MARY LOUISE KELLY, HOST:
The coronavirus pandemic has meant that much of routine medical care - care not related to the virus - has shifted to telehealth, or may not be happening at all. That means many children may have a harder time getting vaccines - vaccines that protect them, and anyone with whom they come into contact, from diseases such as mumps, rubella, and the highly-contagious measles. So, what is the risk that we could emerge from this coronavirus public health threat only to face another? Well, that's a question for Dr. Sally Goza. She is president of the American Academy of Pediatrics, and a pediatrician herself. Dr. Goza, welcome.
SALLY GOZA: Thank you for having me.
KELLY: Give us a sense of of what is happening right now. Obviously, a doctor can't give a vaccine during a telemedicine appointment. Can parents still take their kids into their regular pediatrician and get their regularly scheduled vaccines?
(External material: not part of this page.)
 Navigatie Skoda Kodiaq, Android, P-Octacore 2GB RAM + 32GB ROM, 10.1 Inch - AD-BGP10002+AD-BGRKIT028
GOZA: The American Academy of Pediatrics is recommending that we still see patients in person for well visits, and especially those for the children under age 2 who need the routine vaccines, if at all possible in your community. A lot of communities are still able to do this. Pediatricians have been very good about changing how they do things in their office. A lot of practices now will see well visits in the morning, and only see sick visits in the afternoon. Most of the sick visits - a lot of the sick visits have transitioned to telehealth visits as well. So, it's really important for people to call their pediatrician to find out what their practice is doing at this time.
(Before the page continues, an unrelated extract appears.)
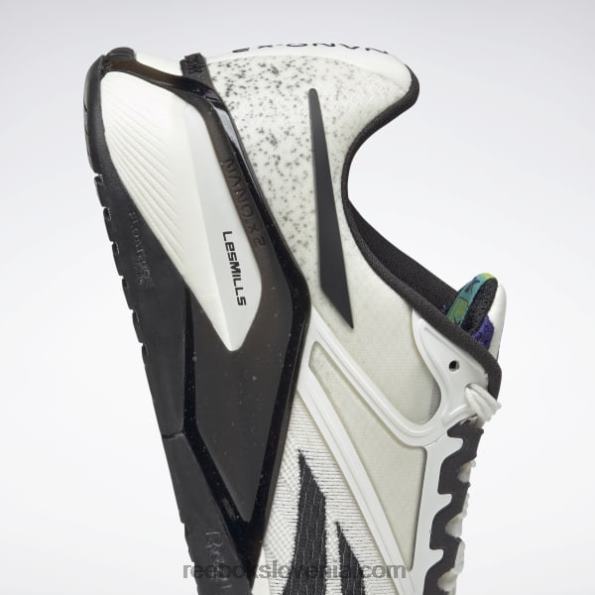 Reebok nano x2 moški copati les mills R22JR1090 kreda/jedro črna/krepko vijolična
KELLY: And, just to make sure I'm crystal clear on this, if I have a young child, you're saying it is safer for them - it is better for their health to take them in, bring them into their doctor's office, get the vaccine. That is safer than saying, maybe we'll let this slide a few weeks, a couple months, and just do it later when things feel safer.
GOZA: We know that if we do not get our children vaccinated, and have children vaccinated, that we are at risk for a vaccine-preventable outbreak, such as we've had with the measles in the recent past. We could have whooping cough, and we could have young children still get meningitis if they don't get the vaccines to protect against meningitis. So it is critical for those children to come in and get their vaccines as close to as on-time as they can. Delaying can cause major problems.
KELLY: So that is the guidance. Do we know if it is happening? Are children being brought in with the same regularity as before the pandemic?
GOZA: Pediatricians are seeing about 20 to 30% of the volume of patients that they normally see this time of year.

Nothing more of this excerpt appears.